L'article 94 précise que la compensation est évaluée « à la date du transfert », mais l'alinéa 3 rassure : « Pendant la période de trois ans prévue à l'article 4 de la présente loi, le montant des dépenses résultant des accroissements et diminutions de charges est constaté pour chaque collectivité par arrêté conjoint du ministre chargé de l'intérieur et du ministre chargé du budget, après avis d'une commission présidée par un magistrat de la Cour des comptes et comprenant des représentants de chaque catégorie de collectivité concernée ».
La compensation intégrale (article 98) peut prendre deux formes : transfert d'impôt d'État et attribution d'une dotation générale de décentralisation 14 ( * ) . Dans un souci de simplification, il est créé une dotation globale d'équipement.
Hardiesse et prudence encore !
Gaston Defferre s'en tient à « un équilibre harmonieux entre les trois étages : les communes, le département, la région ».
Il refuse de se ranger aux côtés des régionalistes ou des départementalistes. Il entend « donner du temps au temps 15 ( * ) ».
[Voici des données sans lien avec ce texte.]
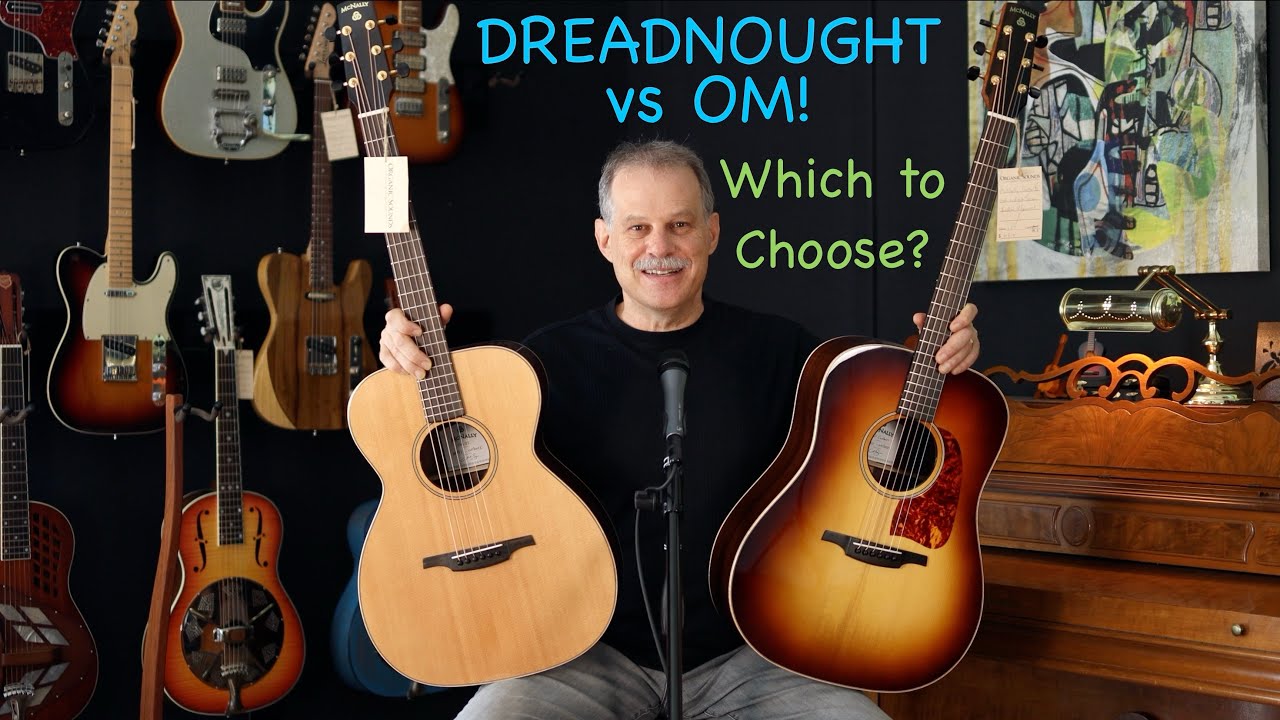 Dreadnought vs OM!  Which Guitar to Choose?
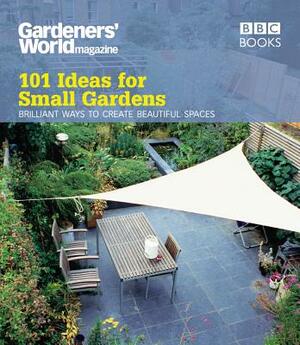 Gardeners' World: 101 Ideas for Small Gardens by Martyn Cox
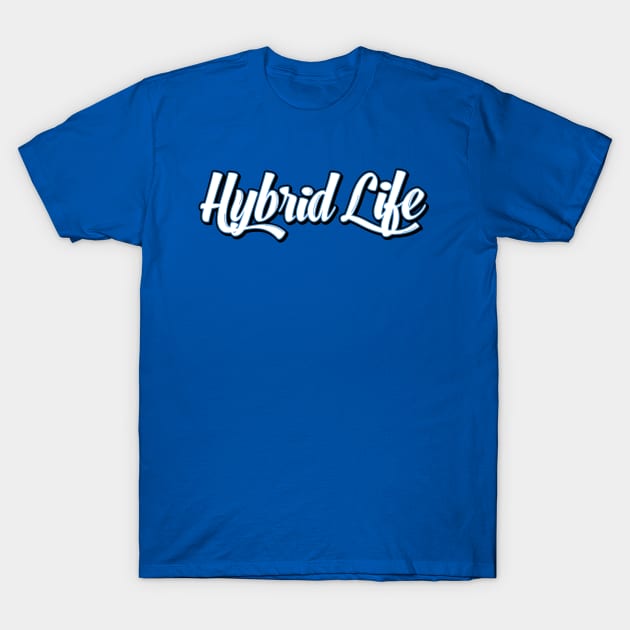 Hybrid Life T-Shirt by carlosmorales125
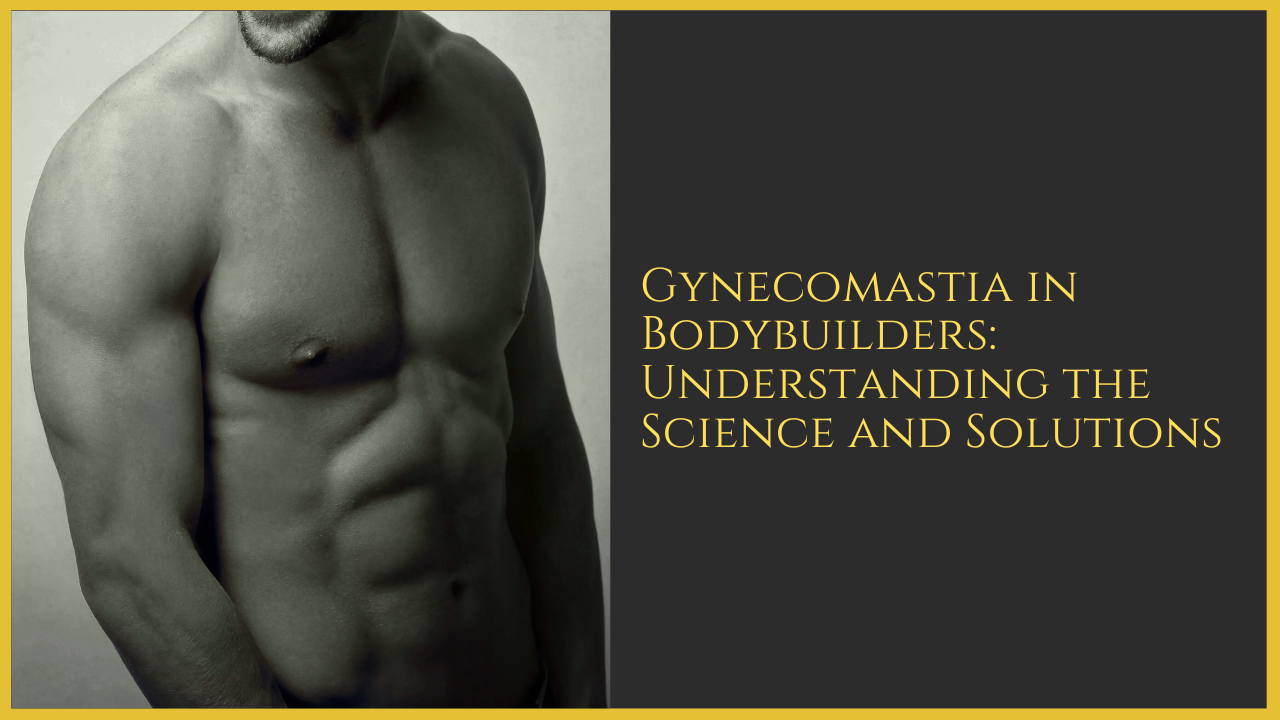 Gynecomastia in Bodybuilders: Understanding the Science and Solutions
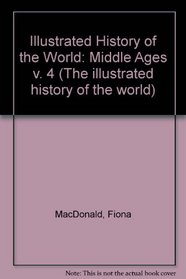 Illustrated History of the World (The Illustrated History of the World)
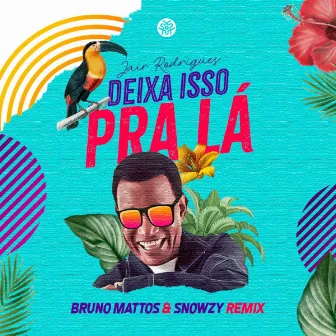 Deixa Isso Pra lá (REMIX) by Snowzy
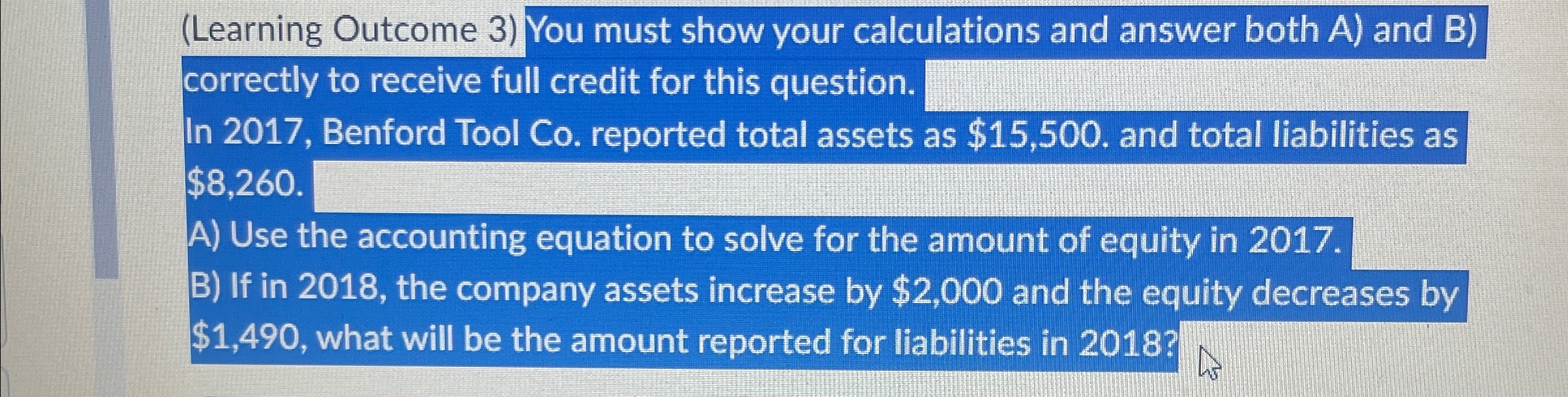  (Learning Outcome 3) You must show your calculations and answer both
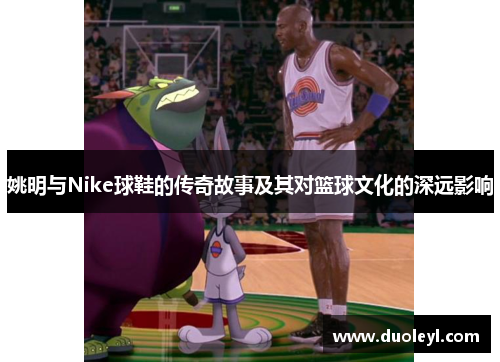 姚明与Nike球鞋的传奇故事及其对篮球文化的深远影响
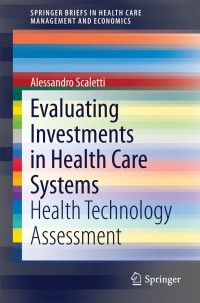 صورة الغلاف: Evaluating Investments in Health Care Systems 9783319025438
Hardiesse, prudence et diplomatie : rappel du principe de non-tutelle d'une collectivité sur une autre, simultanéité des transferts de compétences et des ressources...
Le pragmatisme du ministre d'État apparaît une nouvelle fois lorsqu'il précise que, pour exercer leurs nouvelles compétences, les communes peuvent « soit créer leur propre service, soit recourir à des organismes spécialisés, publics ou privés, agences départementales ou bureaux d'études, soit enfin solliciter le concours de l'État. Toute autre solution qui exclurait pour les communes le libre choix, risquerait de créer une forme ou une autre de tutelle ».
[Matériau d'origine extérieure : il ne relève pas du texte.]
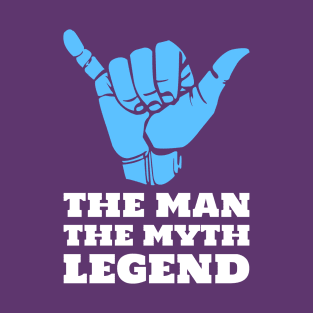 The Man, The Myth T-Shirt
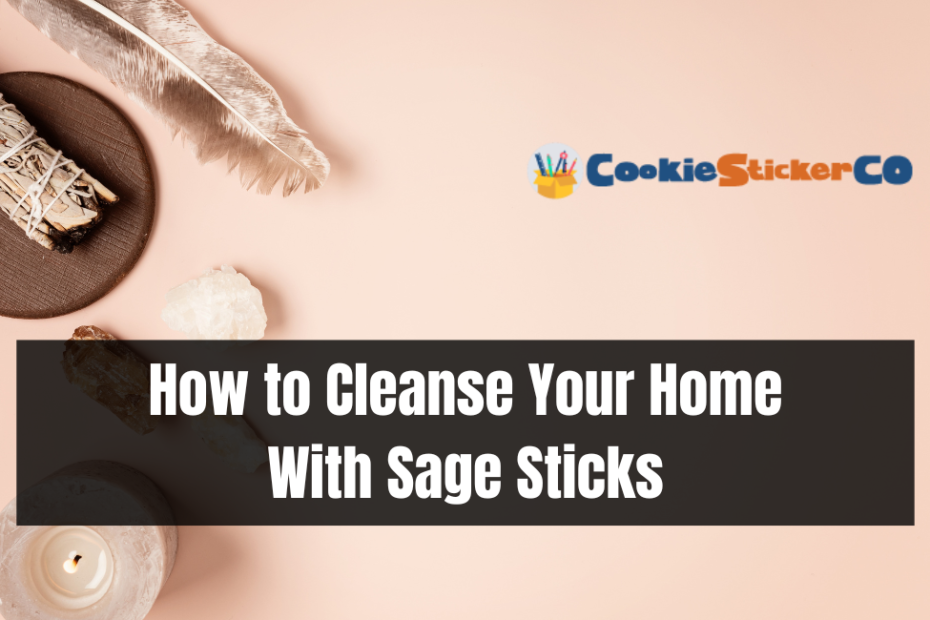How to Cleanse Your Home With Sage Sticks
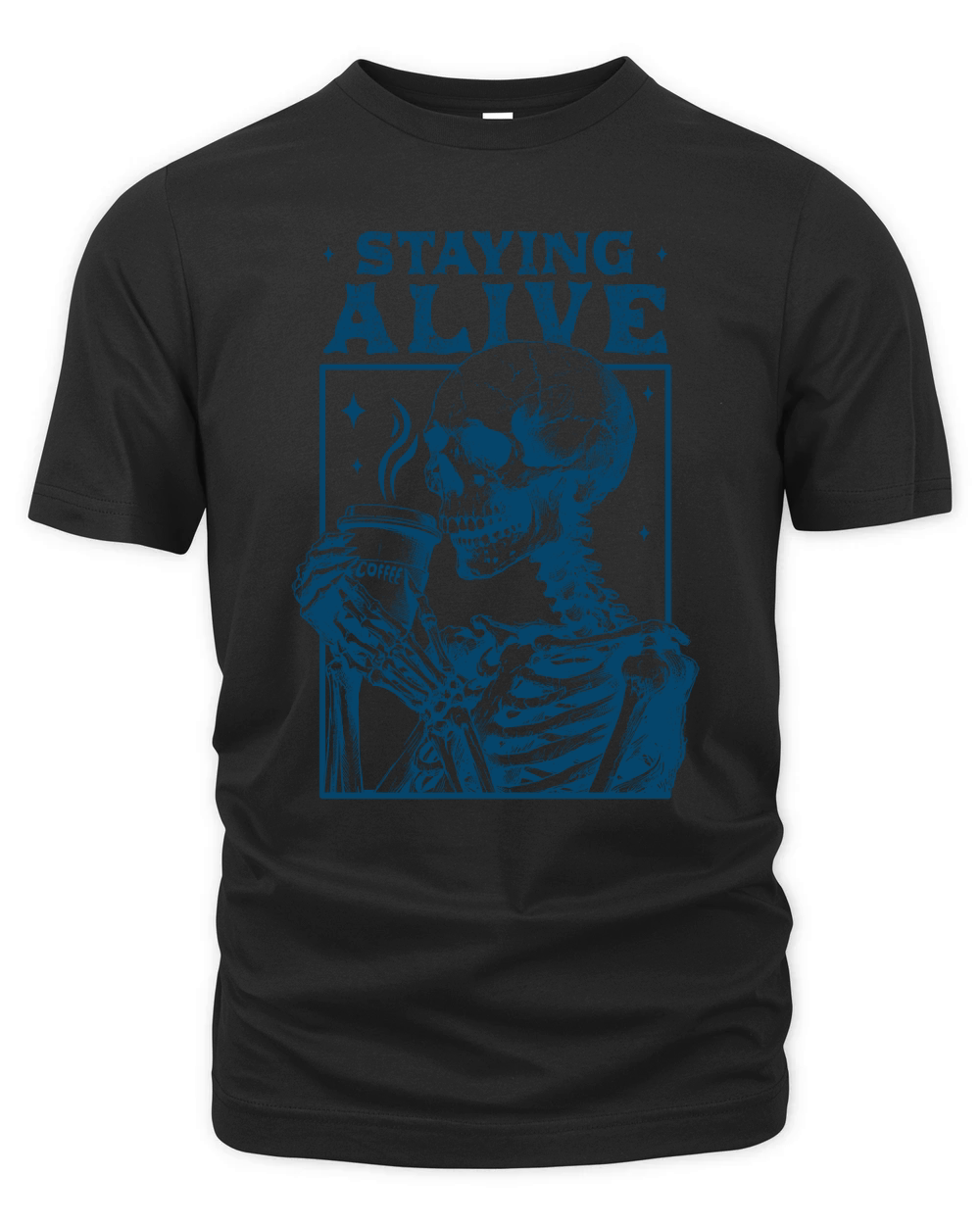 Staying Alive Skeleton Coffee L Blue Organic Unisex T-shirt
* 13 Le schéma directeur remplace l'ancienne dénomination schéma directeur d'aménagement et d'urbanisme. L'article 40, dernier alinéa, précise que « les services extérieurs de l'État peuvent être mis gratuitement et en tant que de besoin à la disposition des communes ou des groupements de communes compétents, pour élaborer, modifier ou réviser les schémas directeurs, les schémas de secteur, les plans d'occupation des sols ou tout autre document d'urbanisme élaboré par la commune ».
* 14 L'article 99 cite les impôts transférés : certificats d'immatriculation des véhicules à moteur pour la région ; droit d'enregistrement, de taxe de publicité foncière sur les mutations d'immeubles au profit des départements.
* 15 Les transferts seront étalés sur trois ans : 1983 : transfert des compétences en urbanisme, logement, formation professionnelle et aménagement du territoire ; 1984 : transfert action sociale, santé et transport ; 1985 : transfert éducation, culture, environnement. D'où l'existence de deux lois successives.